## [WHAT TO PRODUCE]
Images are to be dropped; everything else in the entries below must be copied exactly.
** RECORD EXTRACTS follows **
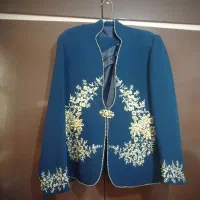 لباس مجلسی|لباس|مهاجران, |دیوار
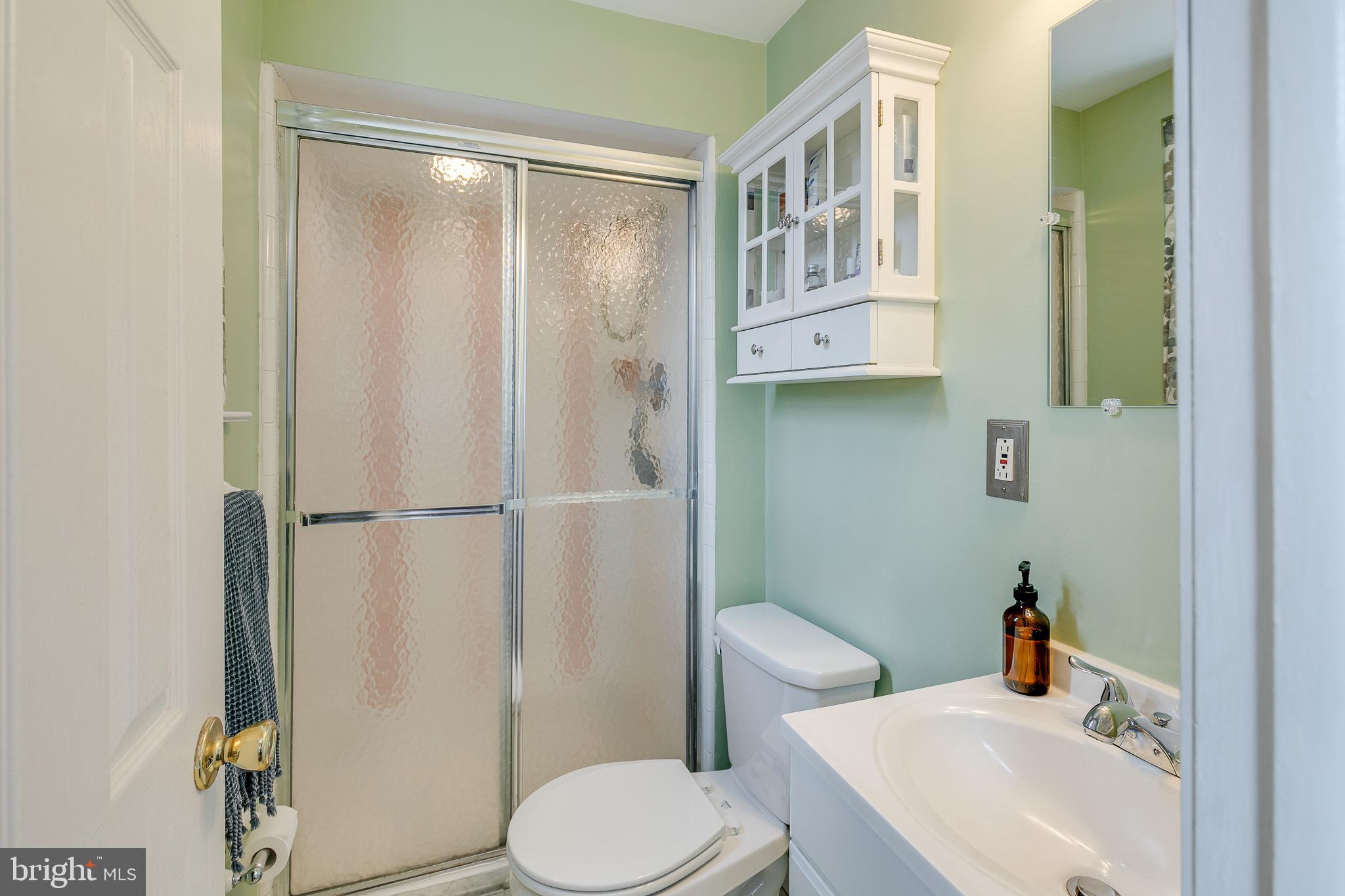 7325 Hiola Road Philadelphia, PA 19128 - Photo 14 of 27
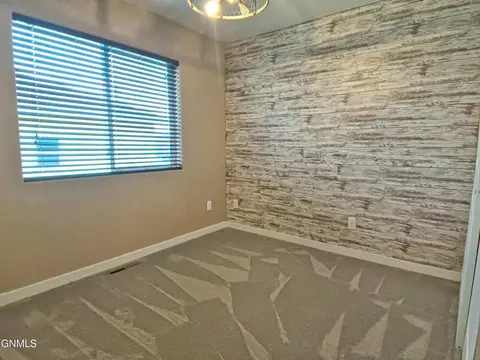 2805 25th St W, Williston, ND 58801 photo 25
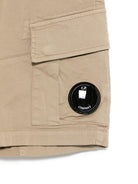 Shorts con applicazione Lens per bambino C.P. Company Kids beige con zip nascosta CMQ005LRC05 20262 C.P.COMPANY KIDS 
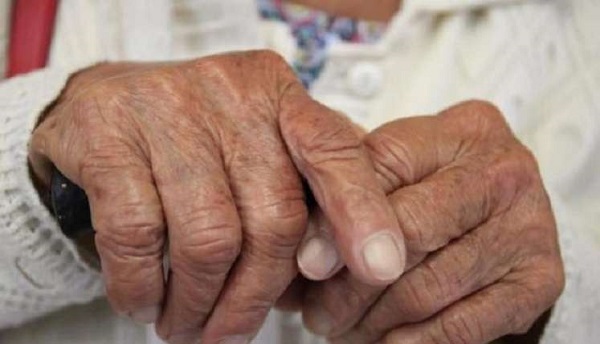 Prometedora vacuna contra el envejecimiento 1 Prometedora vacuna contra el envejecimiento En algún momento de la vida, y en especial cuando llegan los cumpleaños, mucha gente desearía volver a su juventud, lejos de las dolencias y enfermedades propias de la edad.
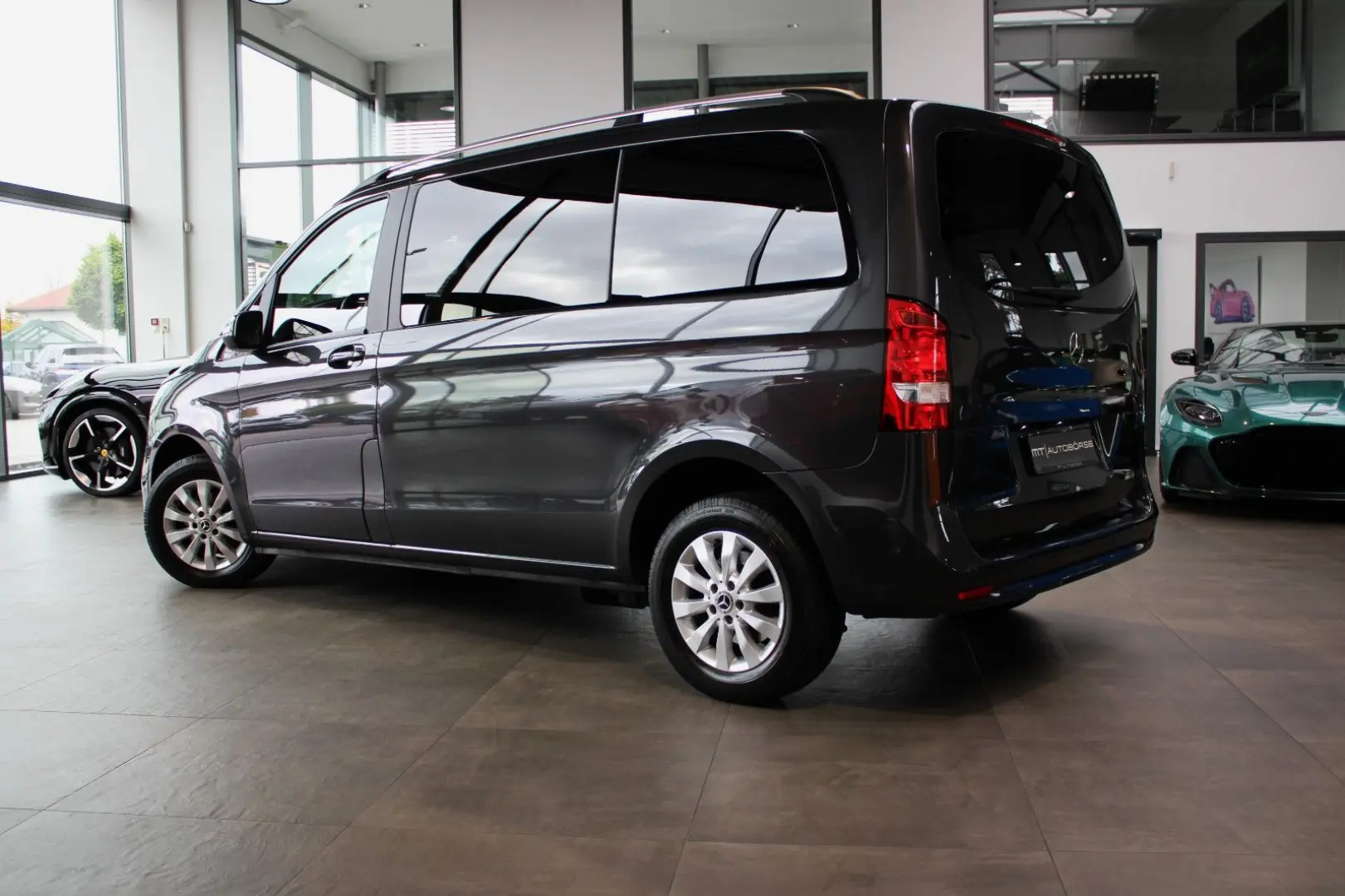 V 220d 9G  RISE  Kompakt Navi Kamera Liege-Paket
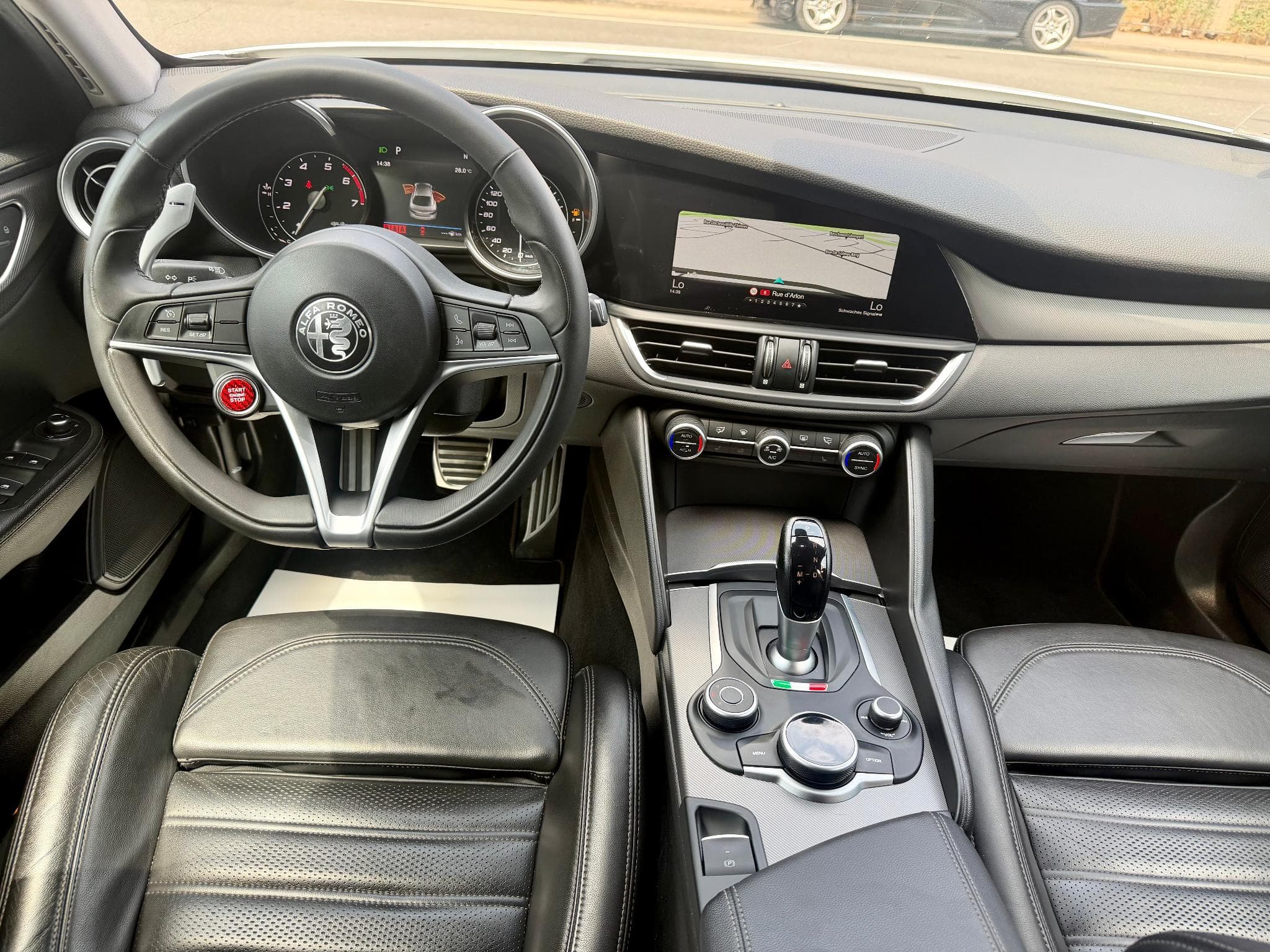 Alfa-Romeo Giulia 2.0 Turbo 280 AT Q4 Veloce (2019) - Photo 8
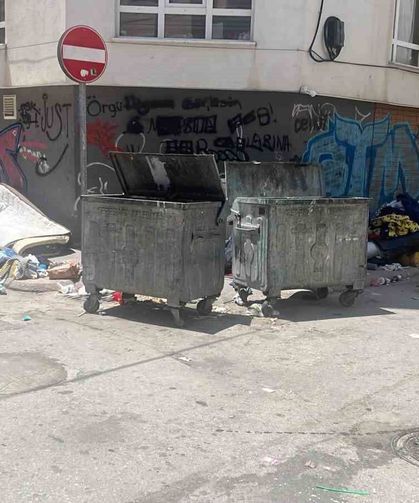 Tepebaşı'ndaki sokaklarda çevre ve görüntü kirliliğine sebep olan çöpler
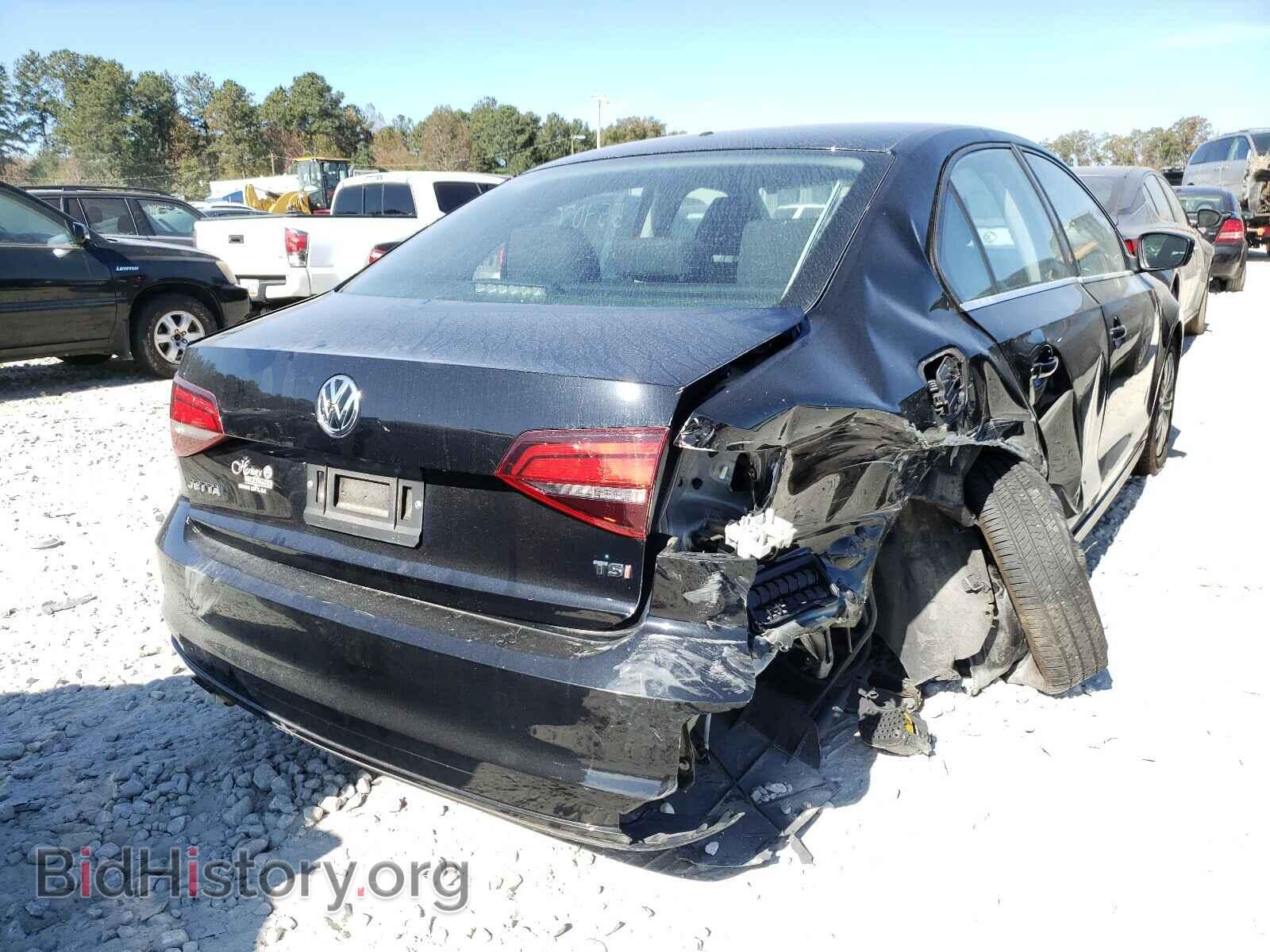 2017 VOLKSWAGEN JETTA - VIN: 3VW2B7AJ2HM214898 - Photo 4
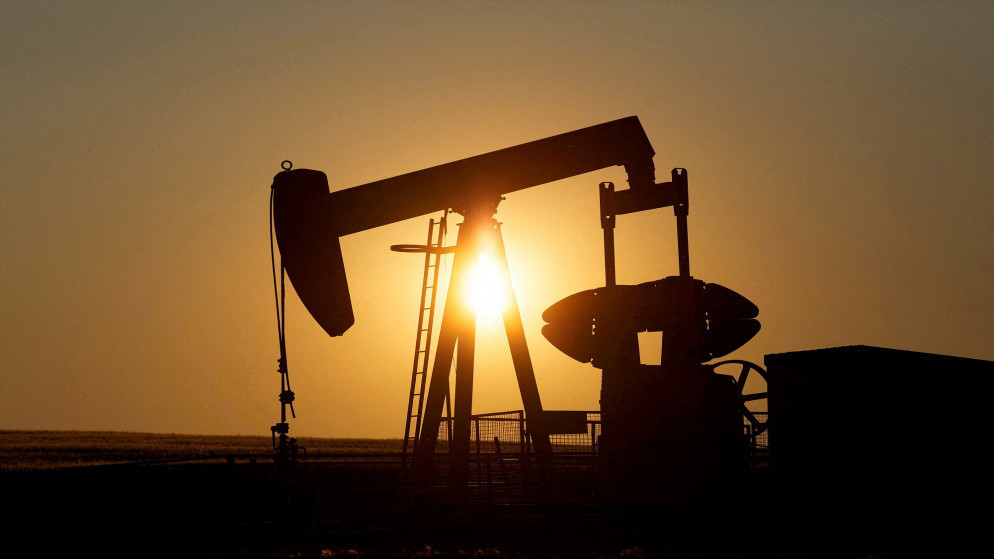 أسعار النفط تغلق مرتفعة وسط مخاوف بشأن المعروض مع اقتراب الشتاء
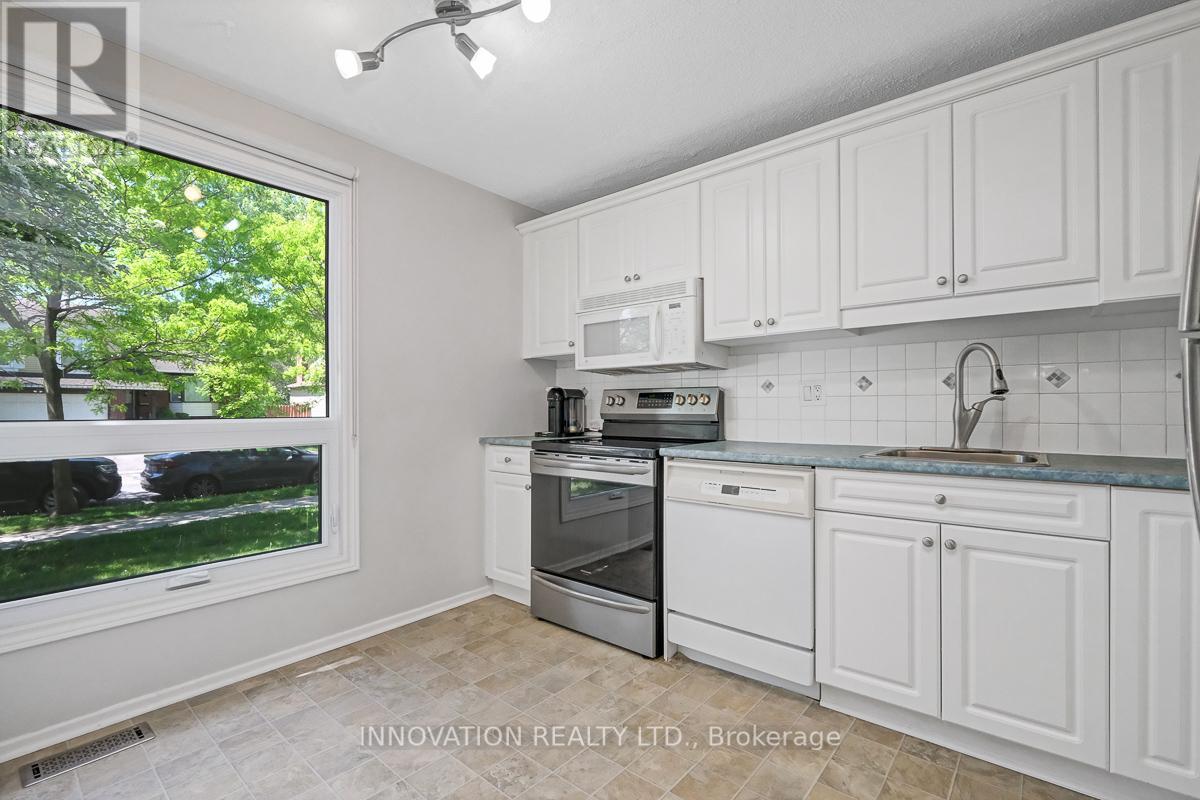 2113 Stonehenge Crescent, Ottawa, Ontario  K1B 4N7 - Photo 13 - X13230206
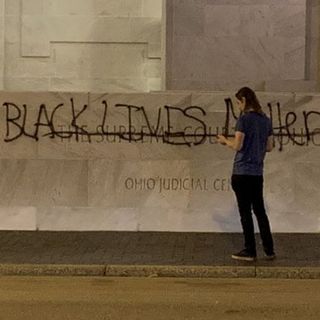 Protests again turn violent outside Ohio Statehouse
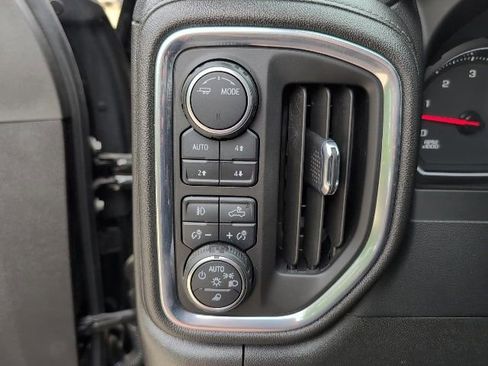 Certified 2022 Chevrolet Silverado 2500 LTZ w/ LTZ Texas Edition AWD/4WD image 16
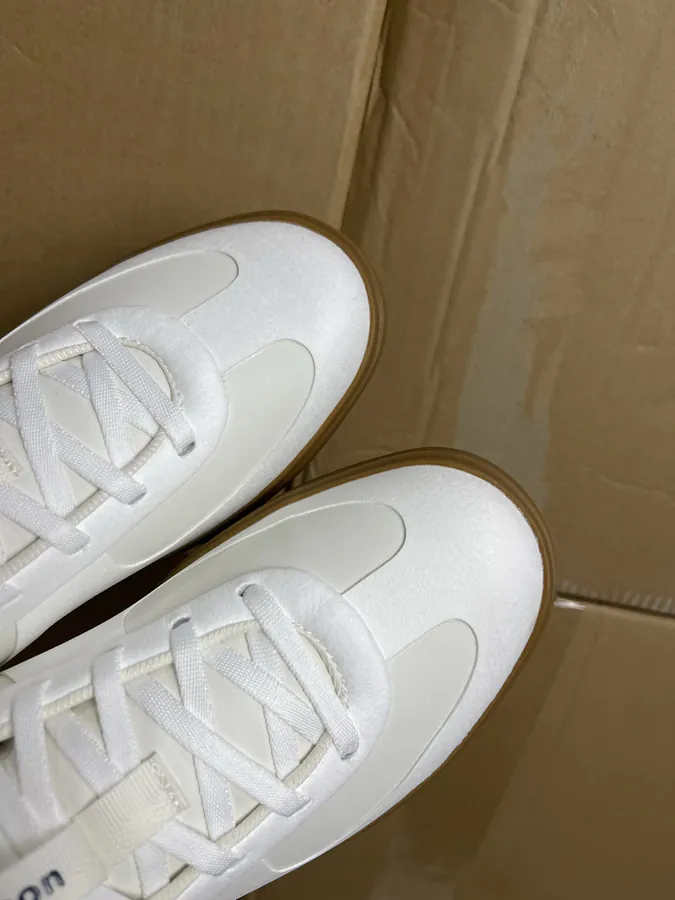 Lululemon Cityverse Soft Comfort Slip Resistant Low Top Lifestyle Sneaker for Women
** End of RECORD EXTRACTS **
## [COMPLETED EXERCISE]
 لباس مجلسی|لباس|مهاجران, |دیوار
 7325 Hiola Road Philadelphia, PA 19128 - Photo 14 of 27
 2805 25th St W, Williston, ND 58801 photo 25
 Shorts con applicazione Lens per bambino C.P. Company Kids beige con zip nascosta CMQ005LRC05 20262 C.P.COMPANY KIDS 
 Prometedora vacuna contra el envejecimiento 1 Prometedora vacuna contra el envejecimiento En algún momento de la vida, y en especial cuando llegan los cumpleaños, mucha gente desearía volver a su juventud, lejos de las dolencias y enfermedades propias de la edad.
 V 220d 9G  RISE  Kompakt Navi Kamera Liege-Paket
 Alfa-Romeo Giulia 2.0 Turbo 280 AT Q4 Veloce (2019) - Photo 8
 Tepebaşı'ndaki sokaklarda çevre ve görüntü kirliliğine sebep olan çöpler
 2017 VOLKSWAGEN JETTA - VIN: 3VW2B7AJ2HM214898 - Photo 4
 أسعار النفط تغلق مرتفعة وسط مخاوف بشأن المعروض مع اقتراب الشتاء
 2113 Stonehenge Crescent, Ottawa, Ontario  K1B 4N7 - Photo 13 - X13230206
 Protests again turn violent outside Ohio Statehouse
 Certified 2022 Chevrolet Silverado 2500 LTZ w/ LTZ Texas Edition AWD/4WD image 16
 Lululemon Cityverse Soft Comfort Slip Resistant Low Top Lifestyle Sneaker for Women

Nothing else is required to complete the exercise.